[[ DATA EXTRACT open ]]
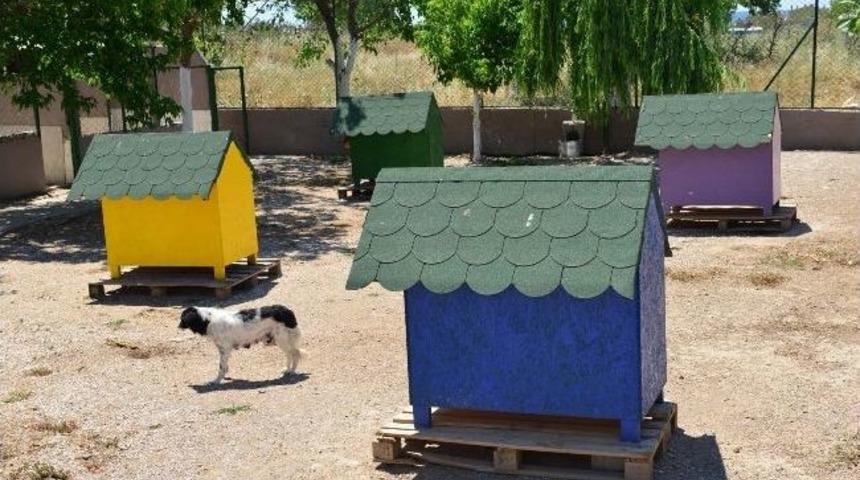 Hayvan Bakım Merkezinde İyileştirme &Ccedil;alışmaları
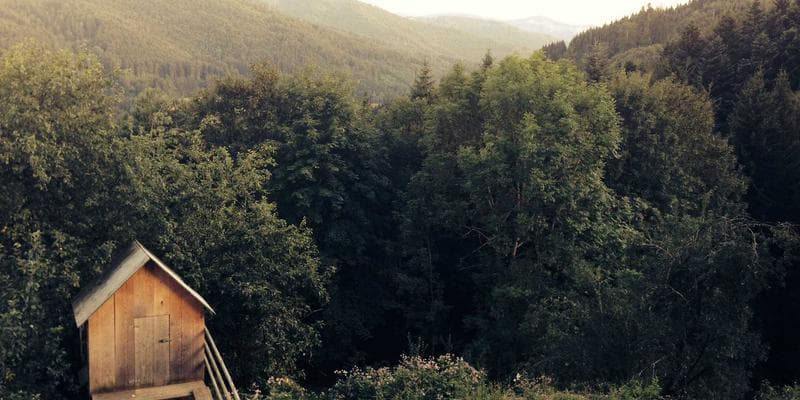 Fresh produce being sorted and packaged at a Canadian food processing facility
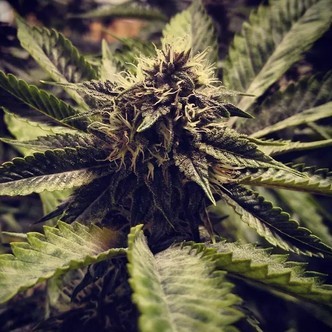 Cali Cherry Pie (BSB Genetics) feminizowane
[[ DATA EXTRACT closed ]]
# DESCRIPTION OF THE TASK
Once the images are removed, print the remaining data exactly as it appears above.

# FINAL ANSWER
 Hayvan Bakım Merkezinde İyileştirme &Ccedil;alışmaları
 Fresh produce being sorted and packaged at a Canadian food processing facility
 Cali Cherry Pie (BSB Genetics) feminizowane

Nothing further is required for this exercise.